EXTRACTED MATERIAL:
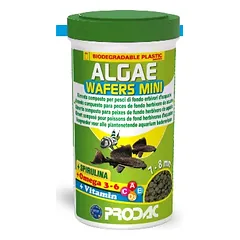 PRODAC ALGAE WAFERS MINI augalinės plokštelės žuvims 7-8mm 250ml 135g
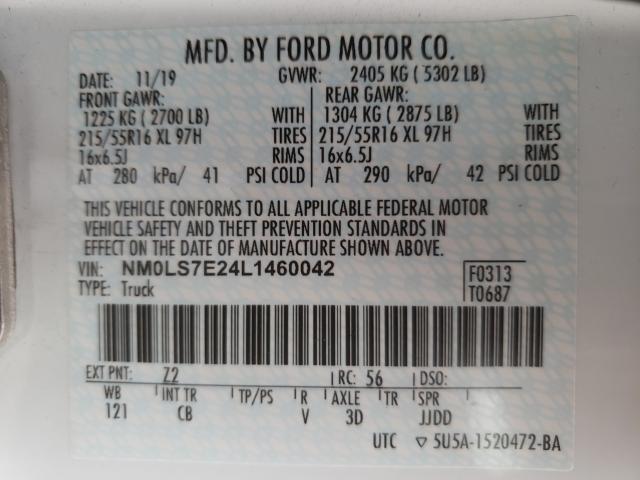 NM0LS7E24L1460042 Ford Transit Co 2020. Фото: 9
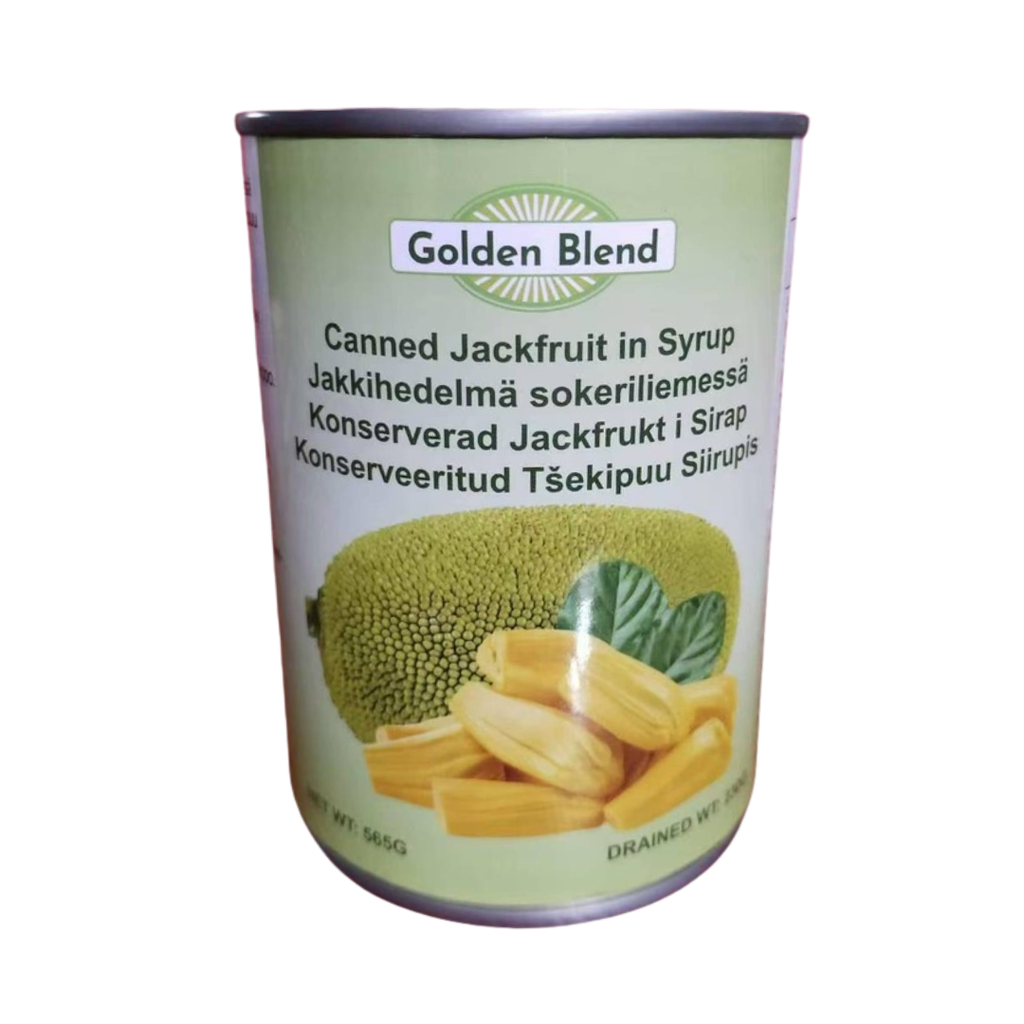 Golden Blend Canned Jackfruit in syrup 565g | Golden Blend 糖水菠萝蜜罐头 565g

---

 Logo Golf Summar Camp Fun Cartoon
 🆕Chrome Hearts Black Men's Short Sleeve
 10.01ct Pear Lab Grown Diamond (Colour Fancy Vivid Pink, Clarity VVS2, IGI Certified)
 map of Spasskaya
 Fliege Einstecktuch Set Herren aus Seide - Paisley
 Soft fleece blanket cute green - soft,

==

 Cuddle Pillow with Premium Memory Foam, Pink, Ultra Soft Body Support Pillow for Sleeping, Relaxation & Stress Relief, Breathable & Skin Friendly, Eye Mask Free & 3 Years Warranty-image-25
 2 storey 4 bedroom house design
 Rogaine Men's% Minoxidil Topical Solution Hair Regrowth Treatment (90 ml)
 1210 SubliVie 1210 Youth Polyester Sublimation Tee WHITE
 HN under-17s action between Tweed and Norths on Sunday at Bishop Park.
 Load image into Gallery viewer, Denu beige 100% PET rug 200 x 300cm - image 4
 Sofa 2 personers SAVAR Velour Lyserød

ACTIVITY: Report all lines in the listing above that contain the word "Soft".

WRITTEN SOLUTION:
 Soft fleece blanket cute green - soft,
 Cuddle Pillow with Premium Memory Foam, Pink, Ultra Soft Body Support Pillow for Sleeping, Relaxation & Stress Relief, Breathable & Skin Friendly, Eye Mask Free & 3 Years Warranty-image-25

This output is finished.